» **Extracted data**:

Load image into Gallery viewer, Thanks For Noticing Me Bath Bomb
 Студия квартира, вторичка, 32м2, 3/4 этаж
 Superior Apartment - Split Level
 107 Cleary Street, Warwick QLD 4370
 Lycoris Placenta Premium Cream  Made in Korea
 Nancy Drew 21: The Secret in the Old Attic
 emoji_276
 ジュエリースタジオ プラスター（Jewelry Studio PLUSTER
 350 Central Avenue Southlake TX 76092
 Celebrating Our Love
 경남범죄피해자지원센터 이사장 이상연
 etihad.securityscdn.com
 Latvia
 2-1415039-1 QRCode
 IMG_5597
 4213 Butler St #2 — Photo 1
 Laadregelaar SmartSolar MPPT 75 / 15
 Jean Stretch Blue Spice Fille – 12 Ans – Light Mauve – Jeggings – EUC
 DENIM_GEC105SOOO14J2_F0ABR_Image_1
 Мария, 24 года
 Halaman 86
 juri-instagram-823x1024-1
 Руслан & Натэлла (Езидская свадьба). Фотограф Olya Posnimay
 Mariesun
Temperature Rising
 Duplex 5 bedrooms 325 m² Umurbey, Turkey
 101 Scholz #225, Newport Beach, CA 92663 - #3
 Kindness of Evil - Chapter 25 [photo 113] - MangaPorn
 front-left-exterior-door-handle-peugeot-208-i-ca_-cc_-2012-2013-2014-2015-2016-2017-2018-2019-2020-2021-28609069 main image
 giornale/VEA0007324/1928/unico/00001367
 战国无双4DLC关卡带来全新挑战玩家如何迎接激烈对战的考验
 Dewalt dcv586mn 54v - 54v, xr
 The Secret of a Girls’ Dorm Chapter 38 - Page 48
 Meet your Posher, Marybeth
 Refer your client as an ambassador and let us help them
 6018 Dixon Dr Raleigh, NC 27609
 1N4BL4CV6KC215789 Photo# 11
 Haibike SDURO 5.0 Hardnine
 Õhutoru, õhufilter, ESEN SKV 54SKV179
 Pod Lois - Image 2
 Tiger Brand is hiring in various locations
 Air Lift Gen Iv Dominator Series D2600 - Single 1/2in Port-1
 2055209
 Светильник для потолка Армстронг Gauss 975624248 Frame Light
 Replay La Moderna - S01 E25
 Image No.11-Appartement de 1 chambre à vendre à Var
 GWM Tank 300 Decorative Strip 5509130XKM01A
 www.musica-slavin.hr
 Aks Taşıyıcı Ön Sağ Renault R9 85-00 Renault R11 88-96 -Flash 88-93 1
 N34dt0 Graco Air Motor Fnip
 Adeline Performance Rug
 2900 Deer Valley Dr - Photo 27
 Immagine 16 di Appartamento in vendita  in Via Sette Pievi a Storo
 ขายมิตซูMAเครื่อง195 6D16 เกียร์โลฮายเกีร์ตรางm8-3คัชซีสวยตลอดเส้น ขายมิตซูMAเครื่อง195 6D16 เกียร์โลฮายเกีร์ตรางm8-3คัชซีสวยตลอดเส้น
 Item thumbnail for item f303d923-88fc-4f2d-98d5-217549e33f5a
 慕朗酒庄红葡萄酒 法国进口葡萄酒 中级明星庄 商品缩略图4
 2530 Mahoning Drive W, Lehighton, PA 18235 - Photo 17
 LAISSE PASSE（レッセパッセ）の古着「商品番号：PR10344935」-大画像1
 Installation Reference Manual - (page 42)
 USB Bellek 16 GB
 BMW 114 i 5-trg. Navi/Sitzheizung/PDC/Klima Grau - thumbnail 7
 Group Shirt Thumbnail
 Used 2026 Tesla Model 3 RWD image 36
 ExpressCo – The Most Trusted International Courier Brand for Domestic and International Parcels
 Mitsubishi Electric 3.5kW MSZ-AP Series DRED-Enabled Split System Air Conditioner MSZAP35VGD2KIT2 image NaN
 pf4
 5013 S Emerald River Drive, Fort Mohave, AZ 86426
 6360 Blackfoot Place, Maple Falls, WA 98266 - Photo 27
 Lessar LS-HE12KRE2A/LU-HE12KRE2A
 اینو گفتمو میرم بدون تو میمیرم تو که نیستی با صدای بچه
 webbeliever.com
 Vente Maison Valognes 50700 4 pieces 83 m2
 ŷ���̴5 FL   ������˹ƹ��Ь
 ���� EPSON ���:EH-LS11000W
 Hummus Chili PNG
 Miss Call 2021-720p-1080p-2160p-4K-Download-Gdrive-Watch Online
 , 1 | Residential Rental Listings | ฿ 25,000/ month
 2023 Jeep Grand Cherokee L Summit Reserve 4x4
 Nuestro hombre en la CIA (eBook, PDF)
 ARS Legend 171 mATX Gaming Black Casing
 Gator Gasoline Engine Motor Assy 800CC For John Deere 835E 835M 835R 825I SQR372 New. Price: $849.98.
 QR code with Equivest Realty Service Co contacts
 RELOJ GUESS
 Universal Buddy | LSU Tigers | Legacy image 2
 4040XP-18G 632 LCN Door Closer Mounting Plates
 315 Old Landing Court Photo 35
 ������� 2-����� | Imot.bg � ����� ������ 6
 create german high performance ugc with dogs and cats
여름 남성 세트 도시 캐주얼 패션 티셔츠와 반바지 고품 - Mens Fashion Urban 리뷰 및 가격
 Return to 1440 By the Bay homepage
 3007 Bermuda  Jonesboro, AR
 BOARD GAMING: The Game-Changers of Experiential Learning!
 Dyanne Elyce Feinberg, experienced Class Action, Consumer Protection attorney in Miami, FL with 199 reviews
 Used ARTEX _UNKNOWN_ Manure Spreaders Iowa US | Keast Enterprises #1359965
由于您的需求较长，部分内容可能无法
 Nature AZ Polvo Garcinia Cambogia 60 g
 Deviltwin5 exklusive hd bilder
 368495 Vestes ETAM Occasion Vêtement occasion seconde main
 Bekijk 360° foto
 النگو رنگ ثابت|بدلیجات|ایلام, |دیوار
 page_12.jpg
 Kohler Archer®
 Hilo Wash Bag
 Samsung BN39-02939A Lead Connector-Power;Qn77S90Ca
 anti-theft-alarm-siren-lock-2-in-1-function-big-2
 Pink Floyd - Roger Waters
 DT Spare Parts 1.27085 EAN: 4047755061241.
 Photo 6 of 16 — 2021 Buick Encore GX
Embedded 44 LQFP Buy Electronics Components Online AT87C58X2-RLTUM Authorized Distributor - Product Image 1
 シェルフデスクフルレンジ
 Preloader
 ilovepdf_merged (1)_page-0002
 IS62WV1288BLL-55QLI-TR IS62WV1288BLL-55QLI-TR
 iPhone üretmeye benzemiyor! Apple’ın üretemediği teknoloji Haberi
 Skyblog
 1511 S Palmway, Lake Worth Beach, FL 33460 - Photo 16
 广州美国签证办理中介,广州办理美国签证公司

» **Work to be completed**: Scan the material above for the string "Chapter" and return the lines that hold it.

» **Answer box**:
 Kindness of Evil - Chapter 25 [photo 113] - MangaPorn
 The Secret of a Girls’ Dorm Chapter 38 - Page 48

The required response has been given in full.